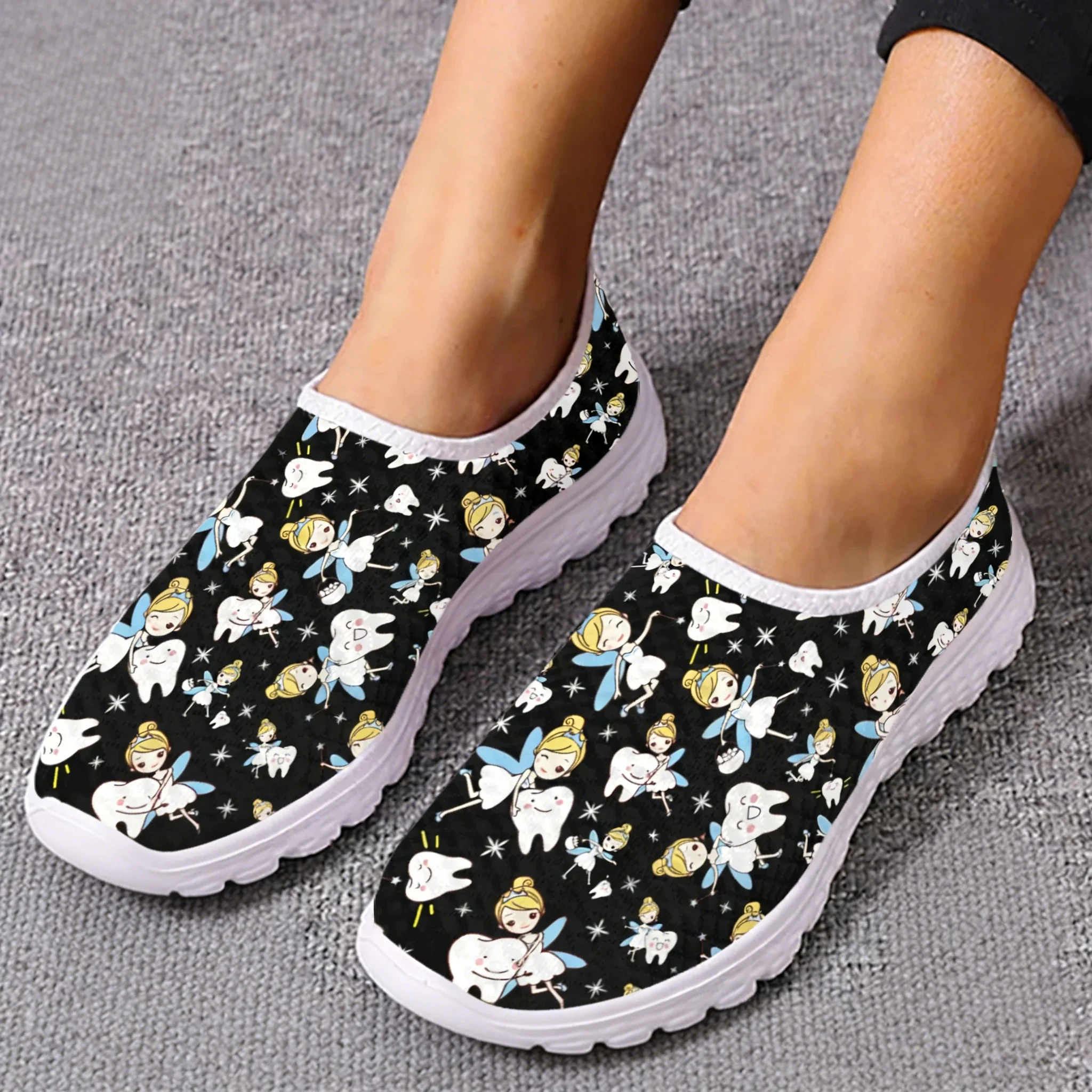 Tênis de Alta Qualidade com Es - Women Shoes Tennis avaliação e preço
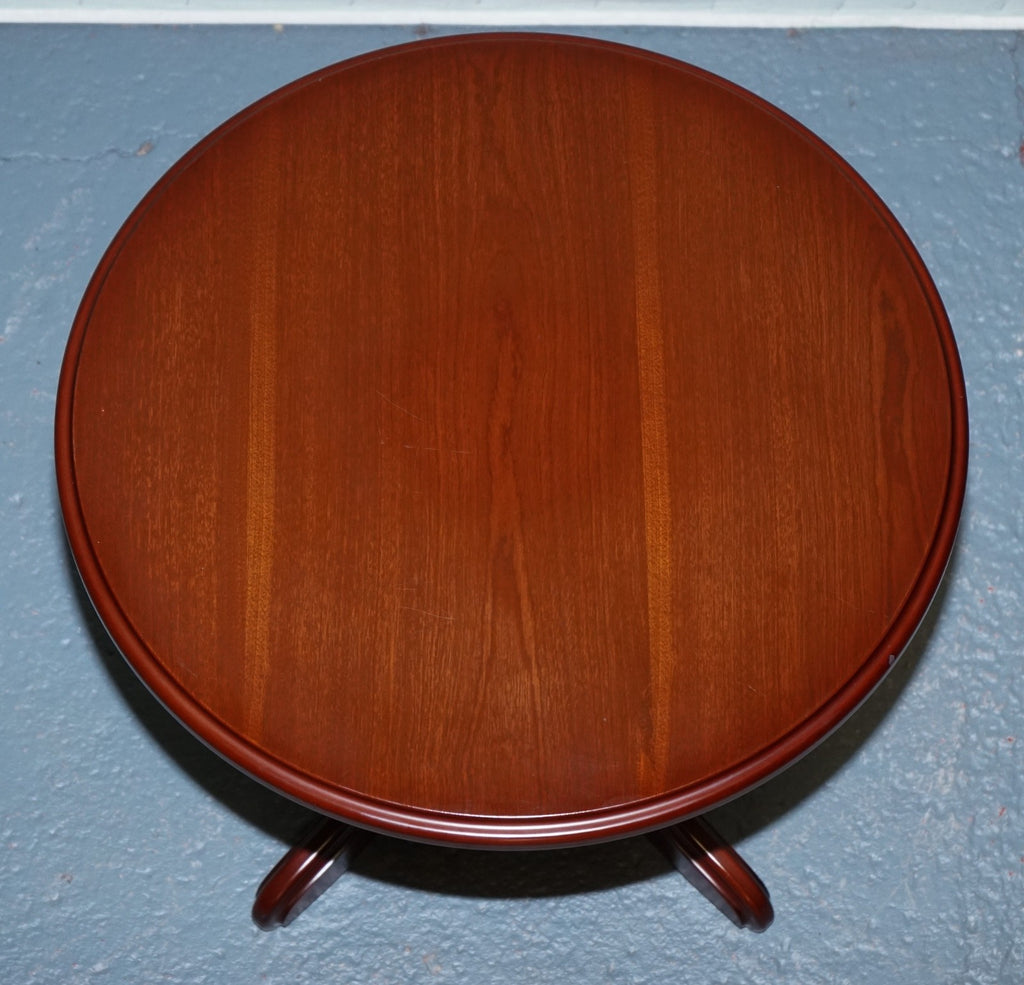 REGENCY STYLE CLASSIC ROUND SiDE TABLE PLANT TABLE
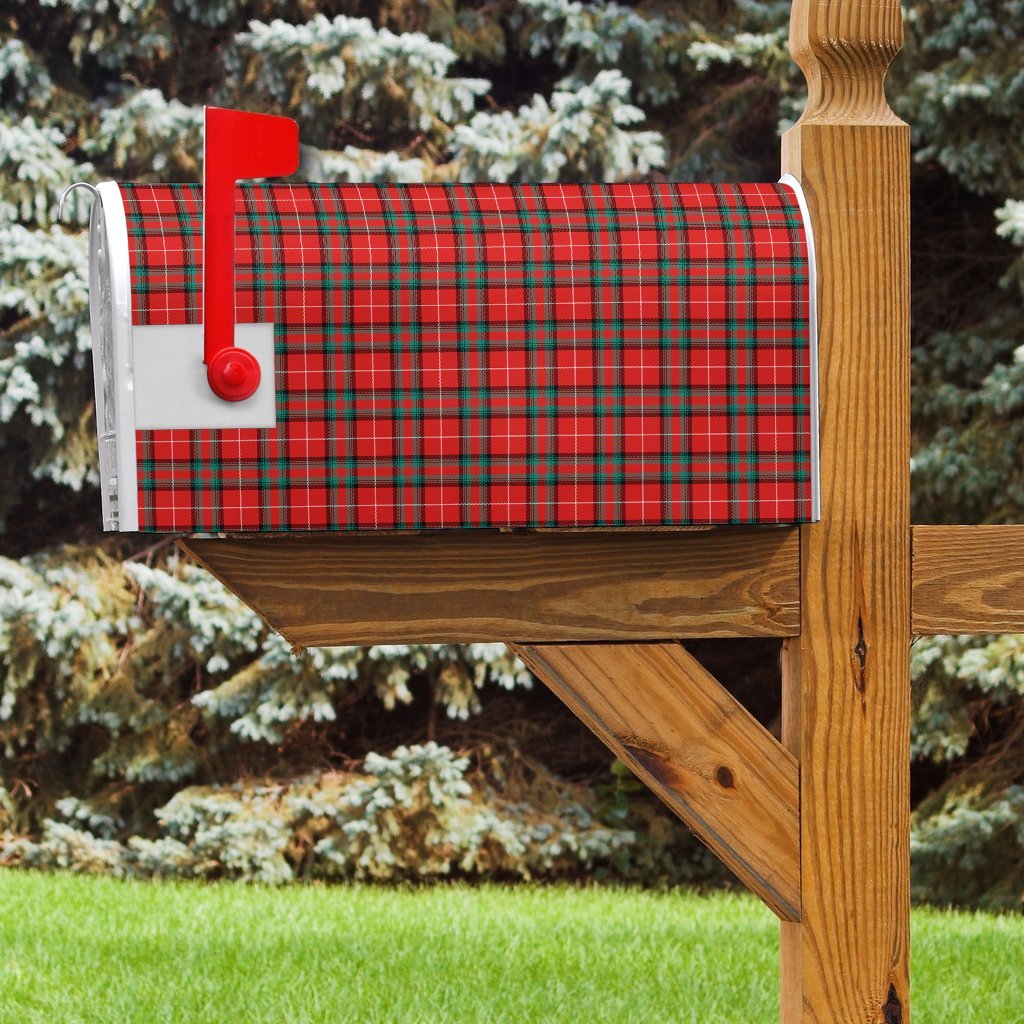 Stuart Of Bute Tartan Mailbox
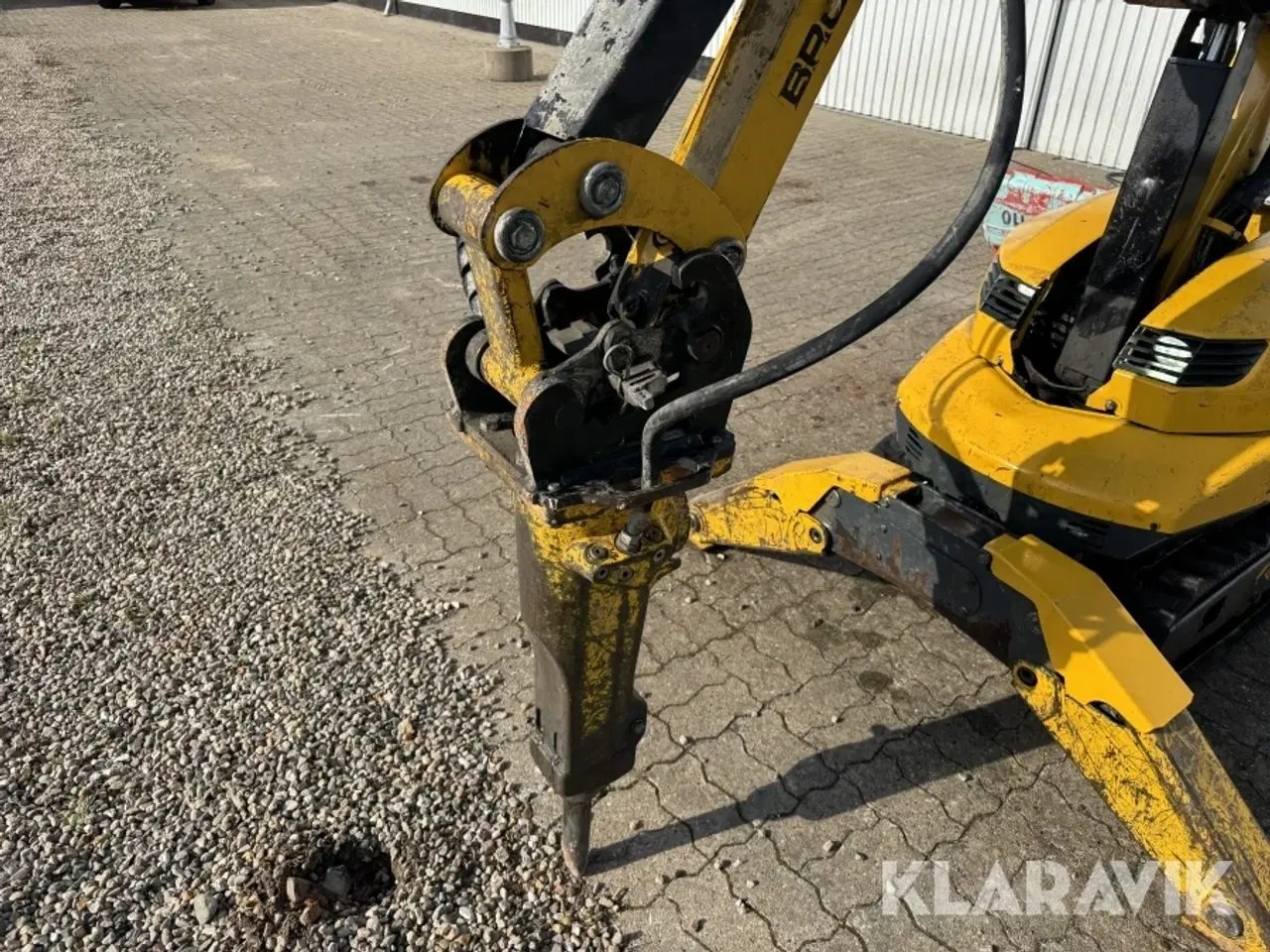 Billede 9 - Nedbrydningsrobot Brokk 110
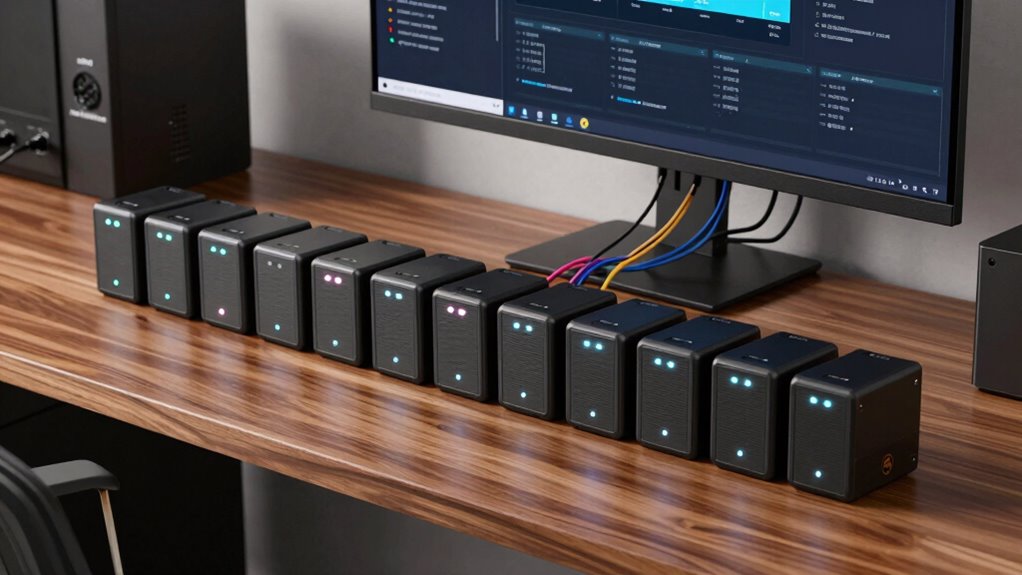 top home network ups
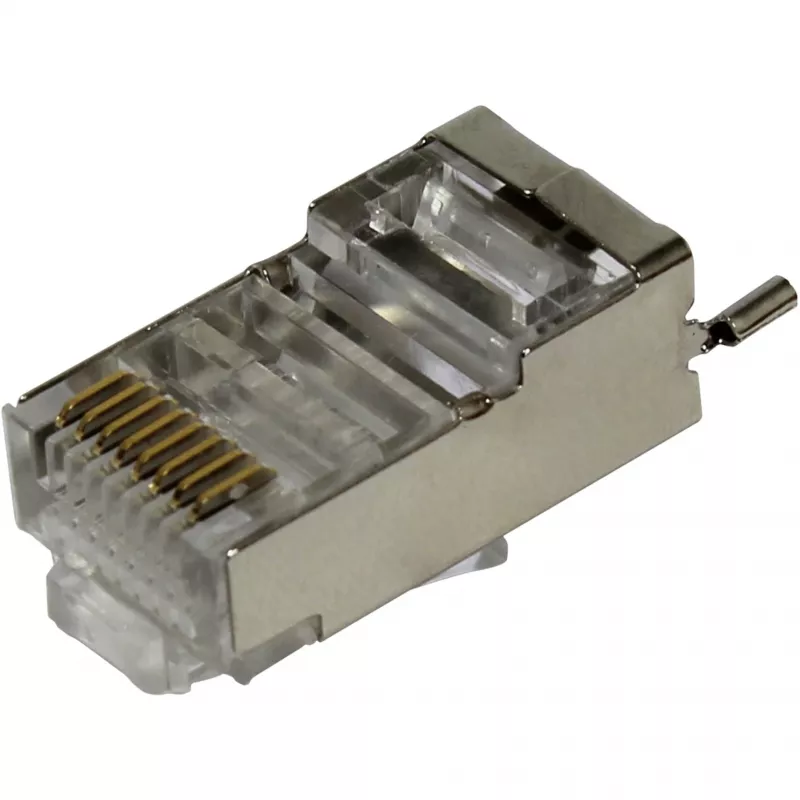 Ubiquiti TOUGHCable Connector einzeln 1 St., Kategorie 5 RJ-45-Stecker, geschirmt (TC-CON)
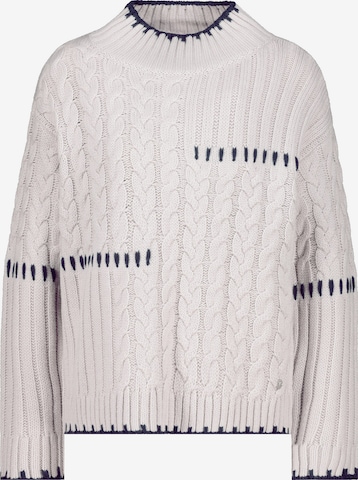 Pull-over monari en gris : devant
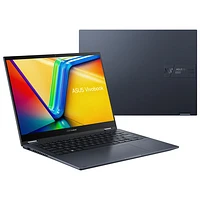 Portable 2-en-1 à écran tactile de 14 po Vivobook 14 Flip d'ASUS - Bleu calme (Core i7-13700H d'Intel/RAM 16 Go/SSD 1 To)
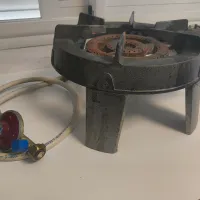 Réchaud à gaz 9 kW + détendeur — image principale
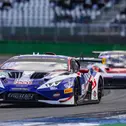 Der Lamborghini #63 des Liqui Moly Team Engstler Motorsport ist neuer Tabellenführer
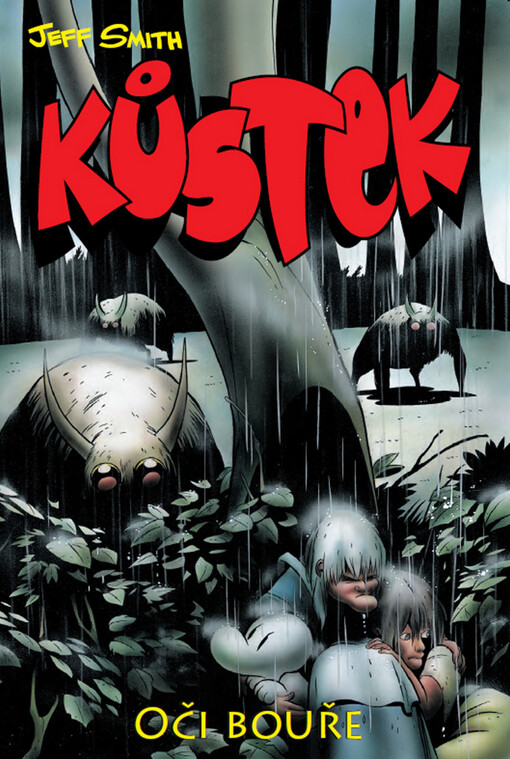 Oči bouře, Kniha druhá, Oči bouře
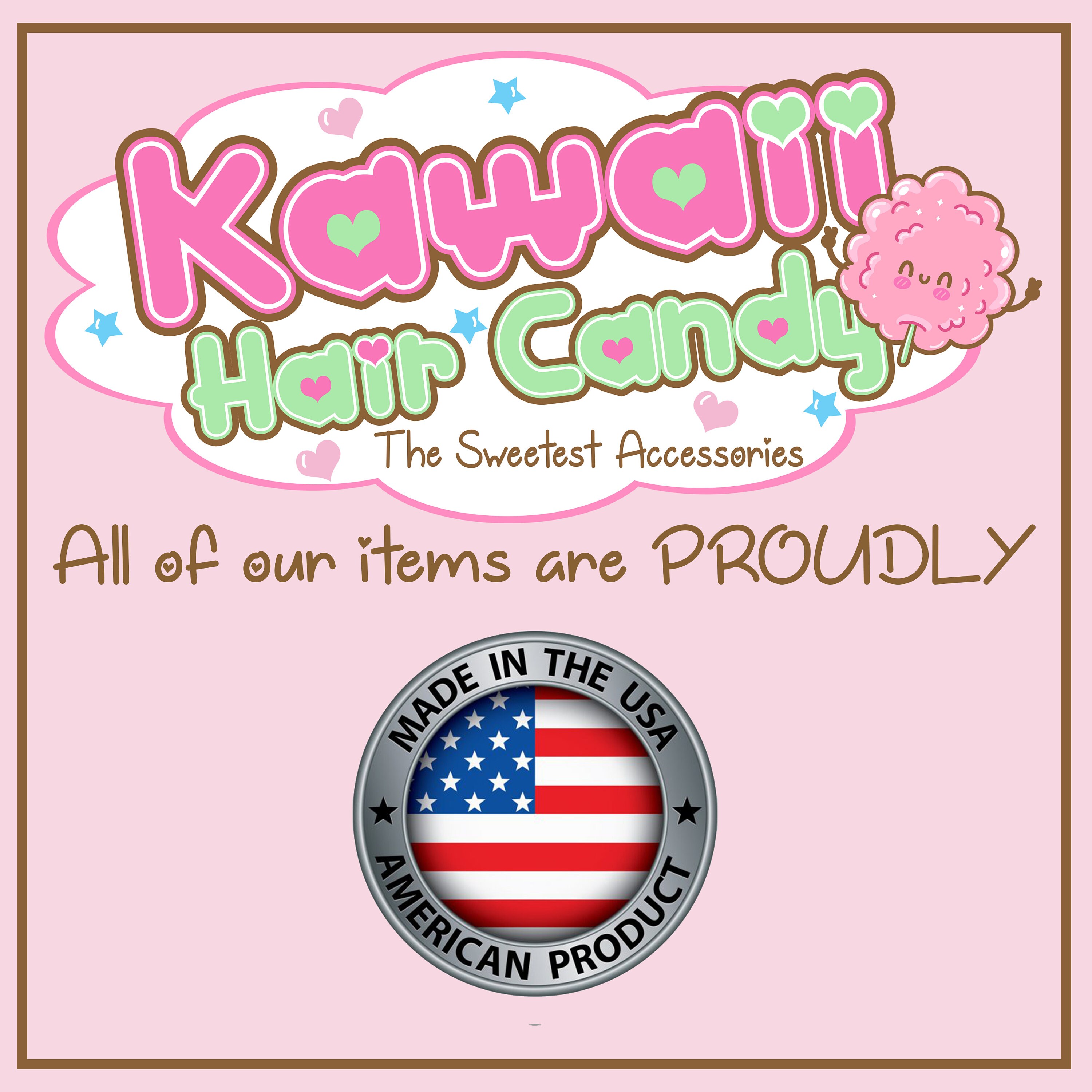 Kawaii Handmade Hair Bows & Clips - Super Cute Kawaii!!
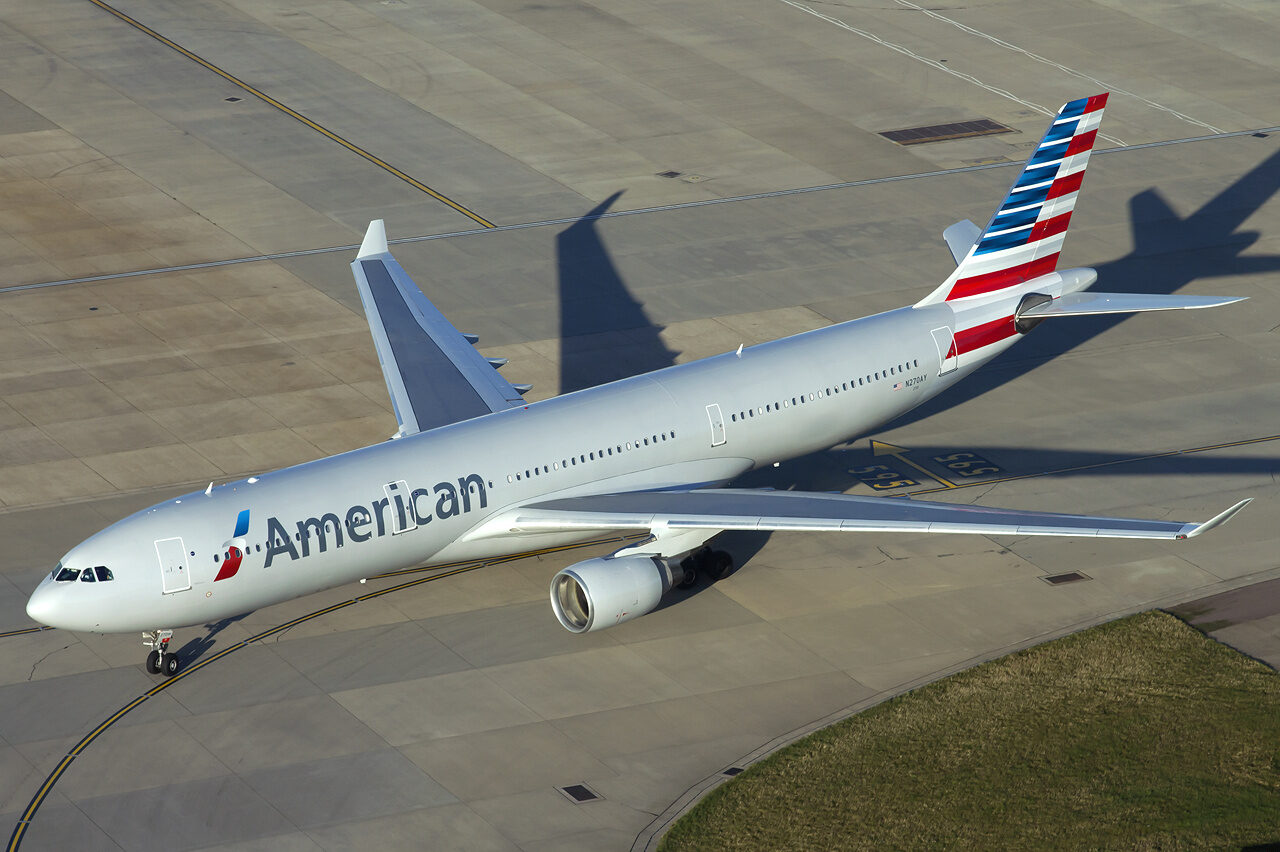 Click to enlarge American Airlines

● ● ● ● ● ● ●

# What you need to do
Starting at the line that contains "top home network ups", write out every line through the end of the entries above exactly, and omit the pictures.

# Result of the exercise
 top home network ups
 Ubiquiti TOUGHCable Connector einzeln 1 St., Kategorie 5 RJ-45-Stecker, geschirmt (TC-CON)
 Pull-over monari en gris : devant
 Portable 2-en-1 à écran tactile de 14 po Vivobook 14 Flip d'ASUS - Bleu calme (Core i7-13700H d'Intel/RAM 16 Go/SSD 1 To)
 Réchaud à gaz 9 kW + détendeur — image principale
 Der Lamborghini #63 des Liqui Moly Team Engstler Motorsport ist neuer Tabellenführer
 Oči bouře, Kniha druhá, Oči bouře
 Kawaii Handmade Hair Bows & Clips - Super Cute Kawaii!!
 Click to enlarge American Airlines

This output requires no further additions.